Start of RECORDS TO PROCESS
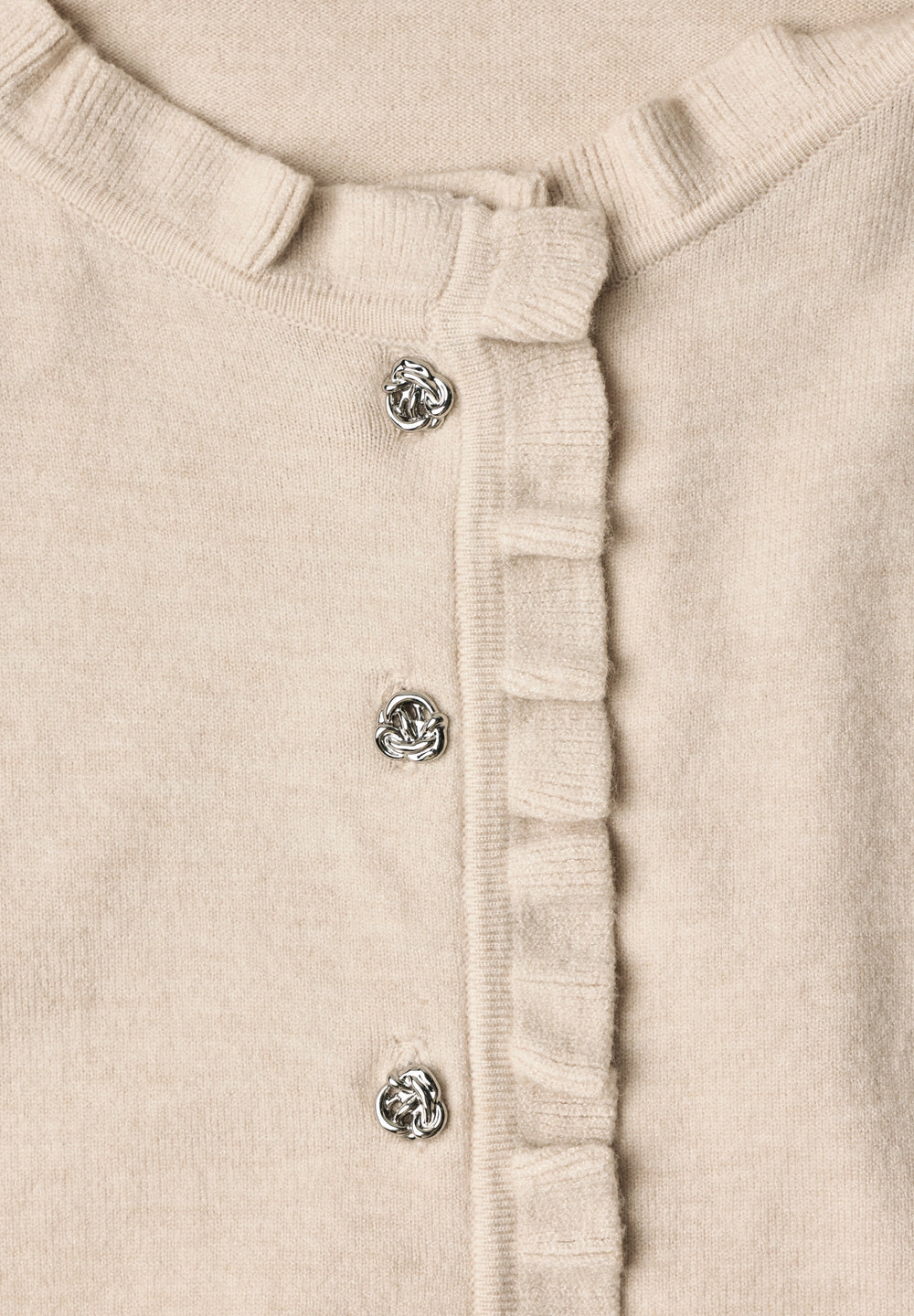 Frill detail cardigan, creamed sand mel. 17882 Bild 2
End of RECORDS TO PROCESS
Start of RECORDS TO PROCESS
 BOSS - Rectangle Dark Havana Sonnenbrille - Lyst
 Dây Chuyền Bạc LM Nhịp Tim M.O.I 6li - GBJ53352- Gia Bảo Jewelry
End of RECORDS TO PROCESS
> _TASK ITEM_
Extract from the records above the lines from the one containing "BOSS - Rectangle" to the one containing "Dây Chuyền Bạc", both lines included, exactly as they appear and with nothing else.

> _ANSWER AREA_
 BOSS - Rectangle Dark Havana Sonnenbrille - Lyst
 Dây Chuyền Bạc LM Nhịp Tim M.O.I 6li - GBJ53352- Gia Bảo Jewelry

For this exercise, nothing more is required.